Visual Search Personalization via User Interest Data
Find Innovative SolutionsGenerate Solutions
Solution Overview
Problem
Existing visual query systems focus exclusively on identifying images with similar visual characteristics, failing to reflect the user's true search intent and providing limited personalized search results.
Innovation Solution
A computer-implemented method and system that processes visual search queries by obtaining user-specific visual interest data, generating a ranking of search results based on this data, and providing personalized visual result notifications overlaid on the query image.
Engineering Contradictions & Design Principles
Engineering Contradiction Analysis
1Adaptability or versatility
If visual search systems focus exclusively on identifying images with similar visual characteristics, then the system can provide consistent visual matching results, but the search results fail to reflect the user's true search intent and lack personalization
Solution Approach 1:
The system performs preliminary actions by obtaining user-specific visual interest data before processing the visual search query. This pre-acquired data about user preferences is stored and ready for use, allowing the system to quickly personalize results without adding complex real-time analysis during the search process itself.
Solution Approach 2:
The patent introduces user-specific visual interest data as an intermediary element between the visual query and search results. This intermediary data layer mediates the matching process by filtering and ranking results based on user preferences, thereby personalizing outcomes without requiring fundamental changes to the core visual search algorithm.
2Loss of information
If the system provides comprehensive search results for all detected objects in the image, then the user receives complete information, but the user interface becomes cluttered with excessive notifications
Solution Approach 1:
The system applies local quality by providing different levels of result presentation based on user interest. Instead of uniformly displaying all results, the system selectively highlights and prioritizes notifications for objects that match user-specific visual interests, while suppressing or minimizing notifications for less relevant objects.
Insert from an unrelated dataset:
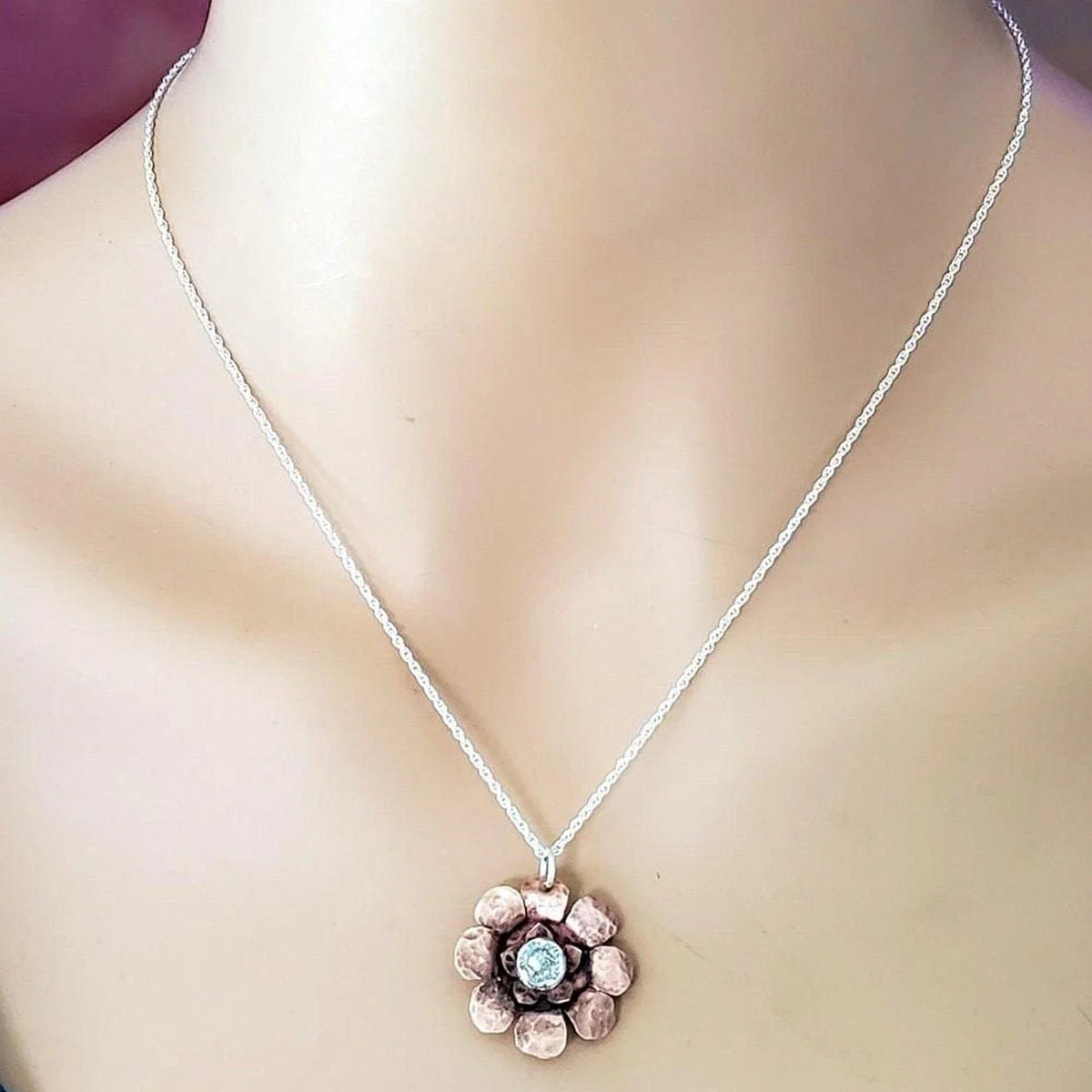 🌸 Collana Spinner “Petalo di Cristallo” – Eleganza che fiorisce nei tuoi gesti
This creates a non-uniform, customized information presentation that maintains completeness while improving interface clarity.
Solution Approach 2:
The patent changes the parameter of result prioritization by introducing user interest weights. Search results are ranked not only by visual similarity but also by their relevance to user-specific interests. This parameter change allows the system to dynamically adjust which results are prominently displayed versus those that are less visible, balancing information completeness with interface cleanliness.
3Measurement precision
If the system returns search results for multiple canonical items, then the user receives comprehensive and accurate results, but the system requires more complex processing to identify and retrieve content for multiple items
Solution Approach 1:
The system performs preliminary actions by pre-identifying and storing user-specific visual interest data that captures the user's preferences for different object types, brands, or categories. This pre-processing allows the system to quickly filter and prioritize results for multiple canonical items during the search execution phase, reducing the computational burden of real-time analysis.
Solution Approach 2:
The patent uses copying by creating and storing user interest profiles that replicate patterns of user preference. Instead of analyzing user behavior in real-time during each search, the system copies these preferences into a reusable data structure that can be efficiently applied across multiple searches, maintaining accuracy while improving processing efficiency.
Data Source
AI summary
A user can submit a visual query that includes one or more images. Various processing techniques such as optical character recognition (OCR) techniques can be used to recognize text (e.g. in the image, surrounding image(s), etc.) and/or various object detection techniques (e.g., machine-learned object detection models, etc.) may be used to detect objects (e.g., products, landmarks, animals, humans, etc.) within or related to the visual query. Content related to the detected text or object(s) can be identified and potentially provided to a user as search results or a proactive content feed. As such, aspects of the present disclosure enable the visual search system to more intelligently process a visual query to provide improved search results and content feeds, including those search results which are more personalized and/or consider contextual signals to account for implicit characteristics of the visual query and/or user's search intent.